The second step is executed by applying inputs A'(x) and B'(x) to the Montgomery Multiplier array. The inputs A(x) and B(x) are applied to respective  $*x^m$  circuits to obtain A'(x) and B'(x). The result C'(x) is compared to the previously stored result C'(x) in latches.

The function unit  $*x^m$  realizes the following function  $Q'(x) = Q(x)*x^m \mod P(x)$ . Where Q(x) and Q'(x) are the inputs and output of the  $*x^m$  circuit respectively. There is one to one correspondence between Q(x) and its Q'(x) in residue representation. The dataflow of the second step is shown in bold lines in **Fig. 3**. The C'(x) values obtained from step 1 and step 2 are compared using equality checker and the error signal is produced. The outputs of both these steps are equal no error signal is generated and if not the error.



Fig. 2. The data flow in the time redundancy technique during the 1st Step

By examining the error signal at the output of equality checker the errors are detected. The exact error bit position is also detected by this method.

## **3. MODULAR INVERSION TECHNIQUE**

It was found that the parity prediction technique failed to detect the exact bit positions of the erroneous output of the multipliers and this technique was not efficient to detect the online errors that occurred in the cryptosystems. In (13) a time redundancy scheme was developed for the purpose of CED using modular multiplication. There are two important performance criteria in VLSI implementation, namely power and area. Trade-off may exist between the two parameters. Optimization of these two parameters can be carried out in finite field multiplier architecture in order to consume low power and low area. The time redundancy scheme was found to have high power and area utilization. In order to attain a power and area efficient CED scheme modular inversion algorithm has been used.

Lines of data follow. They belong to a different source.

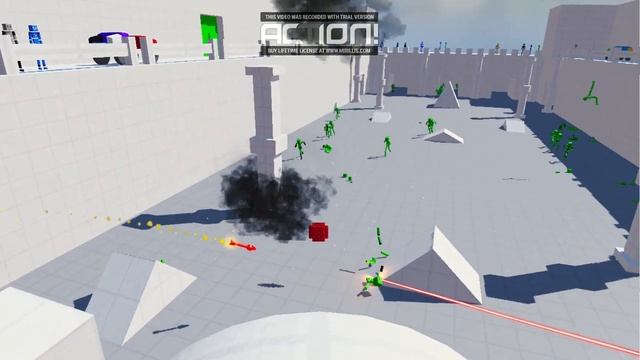 Играем в Fun with ragdolls! №4 смотреть онлайн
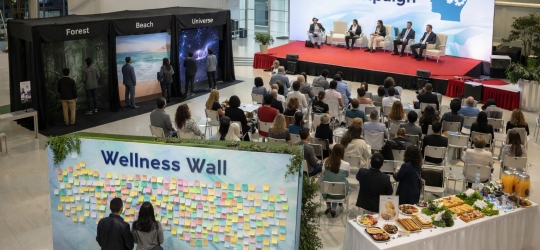 CUD Students Lead Global Initiative Exploring Youth Mental Health Through Creativity and Technology
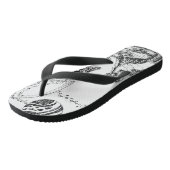 Tongs Paysage Alien (Incliné)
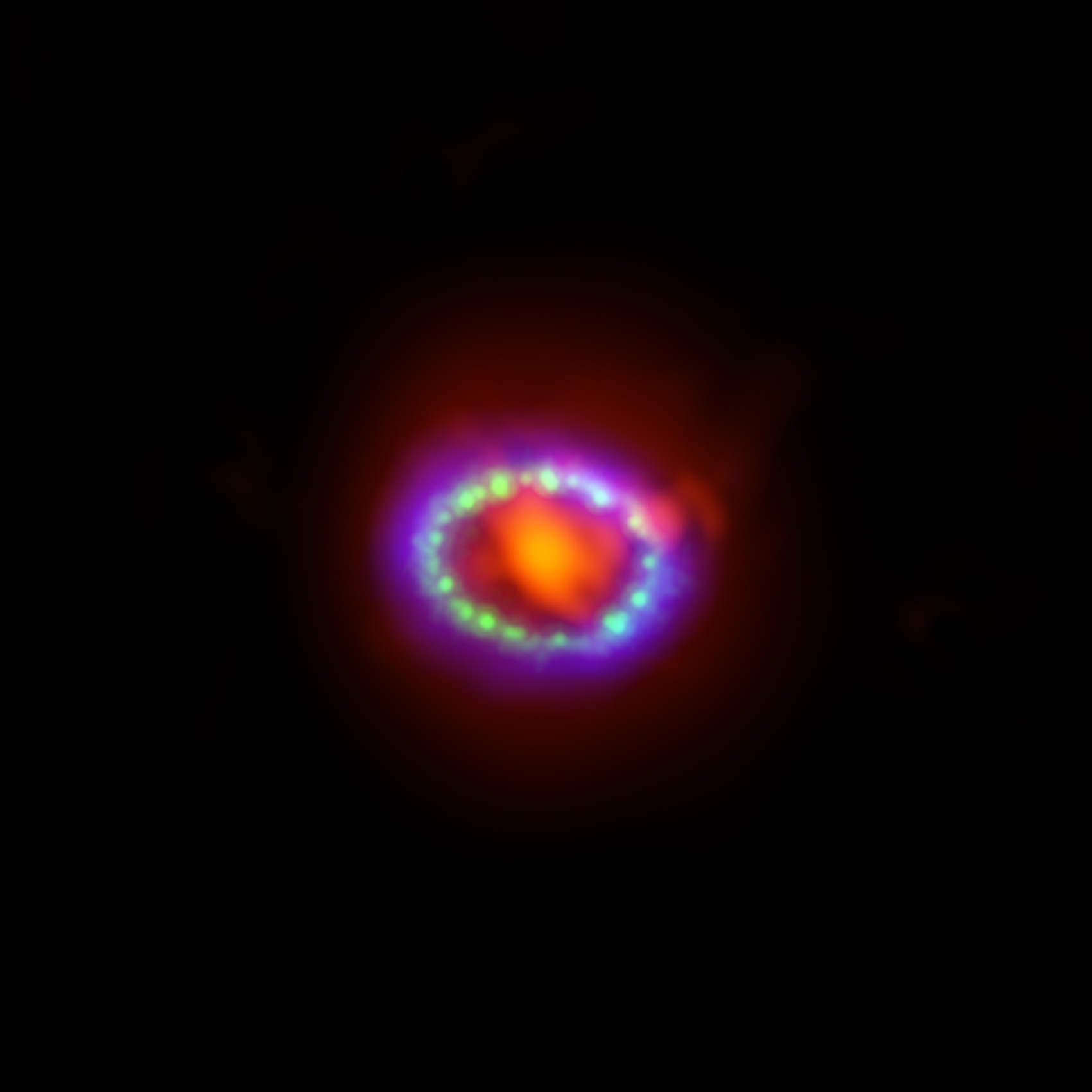 Supernova observation put question mark on speed of light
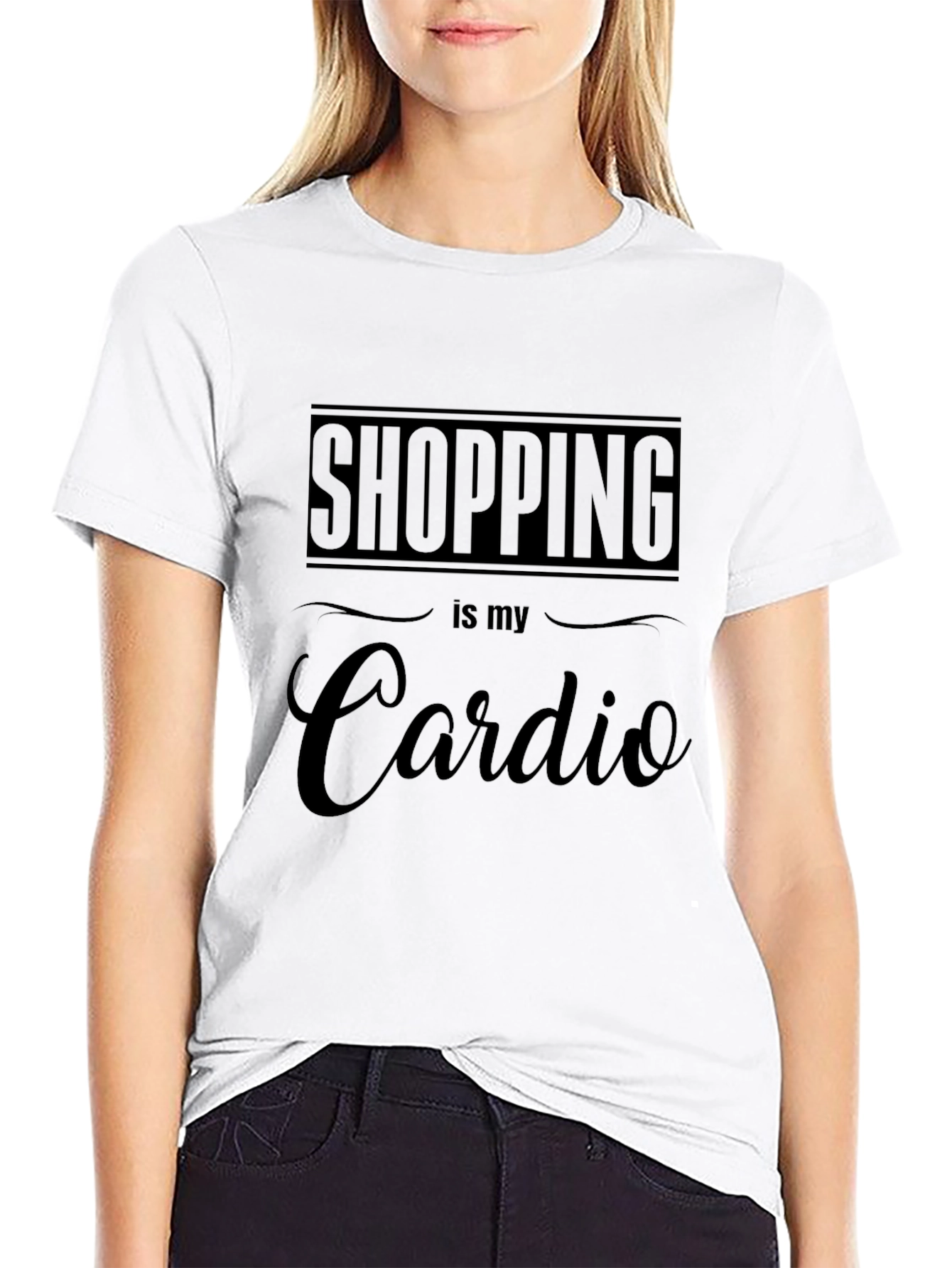Shopping is My Cardio T-Shirt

Fig. 3. The data flow in time redundancy technique during the 2nd step



#### **3.1 Modular Inversion**

The multiplication inversion of an element acF is defined as the process to find an element  $a^{-1}\epsilon F$ , such that  $a.a^{-1} = 1 \mod P(x)$ . Several algorithms to compute the multiplicative inverse in GF (2<sup>m</sup>) have been proposed in literature. The inverse is computed using an improved modification of the extended Euclidian algorithm called inversion algorithm. The modular modular multiplicative inverse  $a^{-1} \pmod{p}$  of an integer 'a' exists if and only if 'a' and 'p' are relatively prime, that is gcd(a,p) = 1. In all cases considered, p is prime and hence 'a' and 'p' are always relatively prime. The following is the modular inversion algorithm that has been incorporated in the CED scheme.

#### Algorithm

Inputs: Operand a, prime p Output:  $a^{-1} \mod p$ Step1:  $u = a, v = p, x_1 = 1, x_2 = 0$ Step2: while  $u \neq 1$  and  $v \neq 1$  do Step 2.1: while u even do Step2.1.1: u = u/2Step 2.1.2: if  $x_1$  even then  $x_1 = x_1/2$ else  $x_1 = (x_1 + p)/2$ Step 2.2: while v even do Step 2.2.1: v = v/2Step 2.2.2: if  $x_2$  even then  $x_2 = x_2/2$ else  $x_2 = (x_2 + p)/2$ Step 2.3: if  $u \ge v$  then u = u - v,  $x_1 = x_1 - x_2$ else v = v - u,  $x_2 = x_2 - x_1$ Step 3: if u = 1 then return  $x_1 \pmod{p}$ else return  $x_2 \pmod{p}$ 

The step 2 of the algorithm runs iteratively and proceeds towards the goal. In this step for every iteration either 'u' or 'v' is reduced by at least one bit length. The total number of iterations in step 2 is at most 2k, where k is the maximum bit length of 'p' and 'a'.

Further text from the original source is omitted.